Recent developments highlighted in four charts: Rising supply from key Opec members and Russia have put downward pressure on Brent, the global benchmark, and as a result the front month futures spread has returned to contango. This has forced increased long liquidation from hedge funds who normally keep most of their oil exposure in the most liquid contracts at the front end of the curve. WTI meanwhile has witnessed a much smaller reduction in speculative longs given the elevated backwardation caused by the continued inventory drop at Cushing, Oklahoma, the massive storage hub which is the delivery hub for WTI crude oil futures.

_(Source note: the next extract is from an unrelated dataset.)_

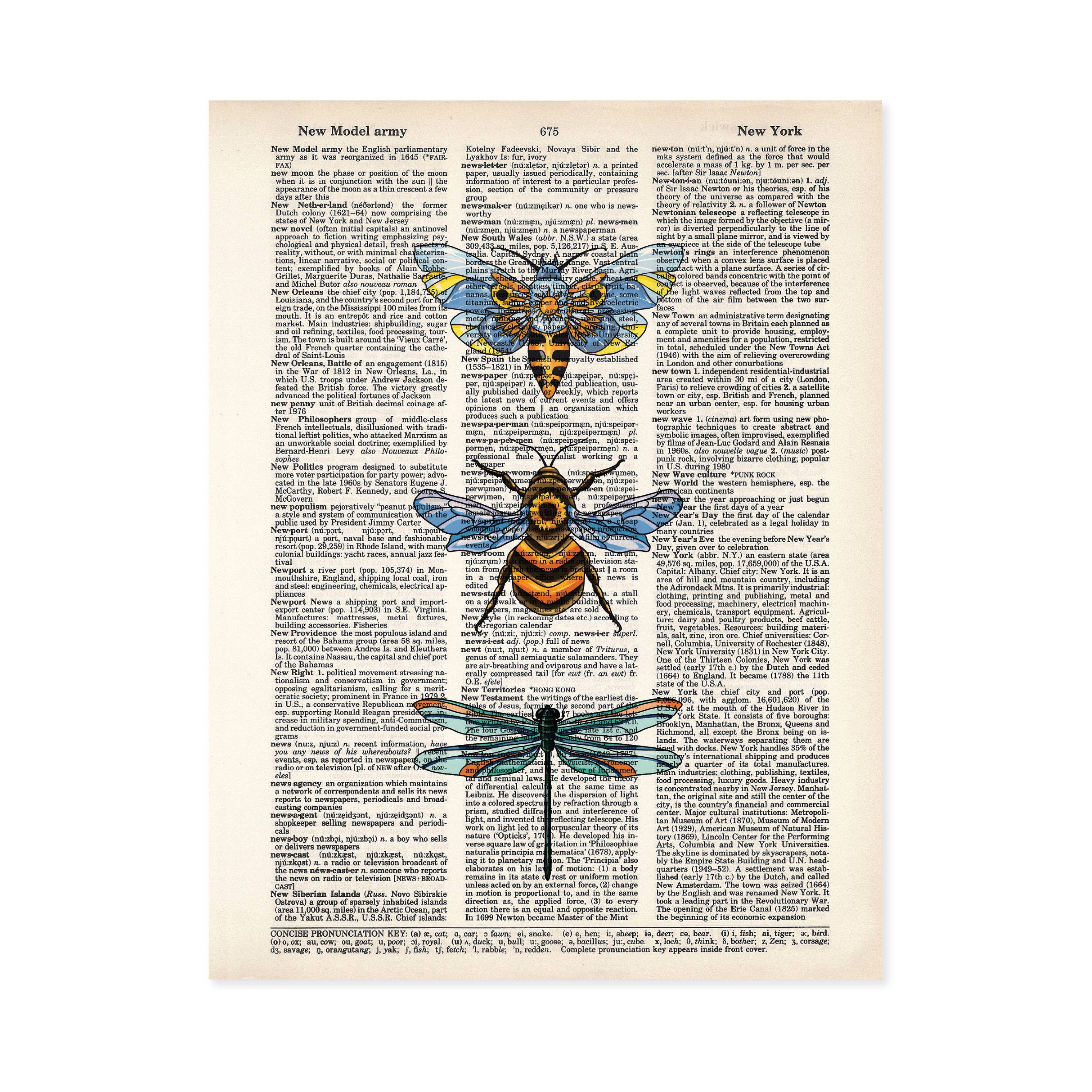A3 Bee Print Dictionary Wall Art Picture Anniversary Gift Idea Love Quote Framed A3 Bee Print Dictionary Wall Art Picture Anniversary Gift Idea Love Quote Framed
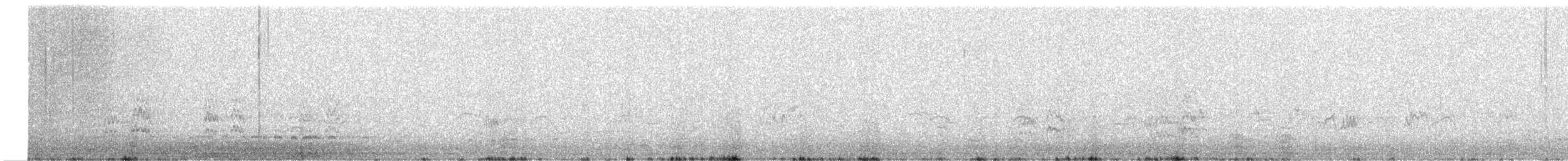 Magellanic Snipe - ML468663691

We maintain the view, as highlighted in our recently published Q3 Quarterly Outlook, that Brent crude oil is likely to settle into a low 70s to low 80s range for now. The downside looks protected by the continued risk to supplies despite increased production from some Opec members and Russia. To the upside $80/b has already proved a tough nut to crack and the "trade war leading to lower growth narrative" should continue to offer limited buying appetite above this level.
We should also not ignore additional political initiatives being implemented to prevent the market from rallying. According to recent polls, President Trump has a fight on his hands ahead of the November midterm election. Following the sharp trade tariffs related sell-off in key crops such as soybeans and corn, which has hurt both his base and swing voters, the last thing he needs is a renewed spike in US gasoline prices. On that basis a US political decision to release crude oil from its strategic petroleum reserves cannot be ruled out.
Using Fibonacci to gauge how far the current recovery can take the price we find the short term upside potential being limited to somewhere between $75.35 and $76.33/b.